We’ve all heard of The Evil Dead. The series. The remake. I will try not to rehash. But why The Evil Dead is and shall always be number one on my list is because the story of its inception is one of the most inspiring instances in cinema that I have ever heard.
Sure, the movie is terrible. Oatmeal is used as bodily fluid at one point. And there is of course the infamous tree scene. How could a film like this one be something that has inspired me time and again to continue along with countless others? Read If Chins Could Kill: Confessions of a B-Movie Actor by Bruce Campbell. Campbell’s autobiography chronicles his acting career, with a very in-depth look into then trilogy that started it all: Evil Dead, Evil Dead 2, and Army of Darkness. Starring as Ash Williams, Campbell hacks, slashes, blasts and otherwise decimates the legion of demons brought on by the Necronomicon with a pithy one-liner and a madcap reaction or physical stunt every step of the way.
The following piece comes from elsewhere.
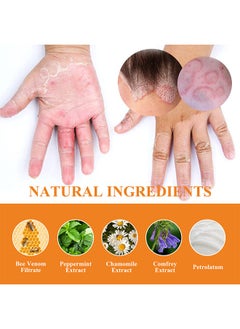 SOUTH MOON Bee Venom Psoriasis Cream, New Zealand Bee Venom Professional Psoriasis Cream For Itchy Skin Fast Relief Cream For Face And Body, Soothing And Moisturizing Psoriasis Cream 20G  - Image 2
The movie is of course iconic to many horror fans – it is for many the original cabin-in-the-woods story, using the vehicle of an ancient book bringing about its cataclysmic consequences. The budget was a handful of change in the producer’s pockets (Sam Raimi, who also doubled as director, Robert Tappert and Campbell himself,) and was made over the course of several years. But what makes this movie stand out, and what has made it an worldwide phenomenon really has nothing to do with how terrible the movie is, or how gross it is, or even how unintentionally funny it is. It is the perseverance of its creators that has made it endure and put it in the minds and hearts of generations.
I don’t know how many movies I have heard of made by young upstarts with a story and a dream who are instantly forgotten, if they are noticed at all. Some are truly talented, others not, but all of them break my heart. They had a dream, a story to tell, that either never saw the light of day, didn’t get the attention it deserved, the helping hand it needed or in many cases didn’t even get finished. But what Raimi’s Evil Dead hit was a perfect storm of time frame along with understanding its audience, and the genuine desire to simply tell a story to as many people who were willing to hear. The drive and passion behind this project is what not only kept it alive, but made it flourish.
Passing the film from campus to campus, The Evil Dead began building a cult audience long before Irvin Shapiro discovered it and took it under his wing. And as its popularity grew and word of mouth spread, soon this ridiculous and scary movie began picking up speed to the point that it garnered two more films, and even a remake in 2013. But what makes it so beloved? Why does Ash’s chainsaw arm stand out among the rest of B-Grade movies out there?
The answer is anyone’s guess, but I can make my one hypotheses. Personally, this is what spoke to me about the movie long before I read If Chins Could Kill. The obvious love and care that went into the creation of it is apparent even before you know the whole story. Yes, it was an overall miserable experience with freezing weather, grueling shooting schedules by an amateur director and uncomfortable makeup and effects. But everyone stuck it out, and no one bailed. Being an actress myself, I have been involved in more creative endeavors that fell to pieces before its completion to know that this is a feat. The fact that Raimi and Co. got this group to hang together for the primary shooting of this film is an achievement within itself.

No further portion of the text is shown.